[Available data]
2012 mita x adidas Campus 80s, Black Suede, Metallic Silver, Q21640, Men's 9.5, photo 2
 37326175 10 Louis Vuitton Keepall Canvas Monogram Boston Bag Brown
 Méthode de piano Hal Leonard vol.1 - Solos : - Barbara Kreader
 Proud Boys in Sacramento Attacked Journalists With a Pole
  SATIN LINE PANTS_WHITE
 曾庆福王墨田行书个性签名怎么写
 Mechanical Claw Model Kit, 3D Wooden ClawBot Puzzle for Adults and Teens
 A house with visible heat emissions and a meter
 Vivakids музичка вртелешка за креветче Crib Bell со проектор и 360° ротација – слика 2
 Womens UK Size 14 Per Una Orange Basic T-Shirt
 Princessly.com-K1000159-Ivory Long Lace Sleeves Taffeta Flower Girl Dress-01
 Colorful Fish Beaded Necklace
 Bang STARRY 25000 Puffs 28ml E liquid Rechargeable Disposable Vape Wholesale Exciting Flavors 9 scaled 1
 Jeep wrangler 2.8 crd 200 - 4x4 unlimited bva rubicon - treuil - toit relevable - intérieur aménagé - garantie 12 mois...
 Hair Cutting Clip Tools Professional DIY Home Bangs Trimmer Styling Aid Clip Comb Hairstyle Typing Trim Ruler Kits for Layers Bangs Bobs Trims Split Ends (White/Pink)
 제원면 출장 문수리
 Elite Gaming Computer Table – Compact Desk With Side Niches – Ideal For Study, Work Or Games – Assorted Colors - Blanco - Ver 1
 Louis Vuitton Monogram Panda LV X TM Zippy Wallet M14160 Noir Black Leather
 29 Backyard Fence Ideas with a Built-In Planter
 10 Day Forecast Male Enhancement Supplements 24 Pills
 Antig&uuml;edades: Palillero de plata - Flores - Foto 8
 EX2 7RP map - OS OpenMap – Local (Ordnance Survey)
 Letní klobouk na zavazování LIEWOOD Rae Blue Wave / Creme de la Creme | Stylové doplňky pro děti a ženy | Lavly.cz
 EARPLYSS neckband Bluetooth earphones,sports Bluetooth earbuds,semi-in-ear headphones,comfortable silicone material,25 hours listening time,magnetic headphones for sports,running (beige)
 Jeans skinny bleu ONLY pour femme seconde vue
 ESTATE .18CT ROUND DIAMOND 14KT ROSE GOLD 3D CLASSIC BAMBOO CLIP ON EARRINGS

[Your instructions] Pull out all lines containing the word "Monogram" from the entries above.

[Response box]
 37326175 10 Louis Vuitton Keepall Canvas Monogram Boston Bag Brown
 Louis Vuitton Monogram Panda LV X TM Zippy Wallet M14160 Noir Black Leather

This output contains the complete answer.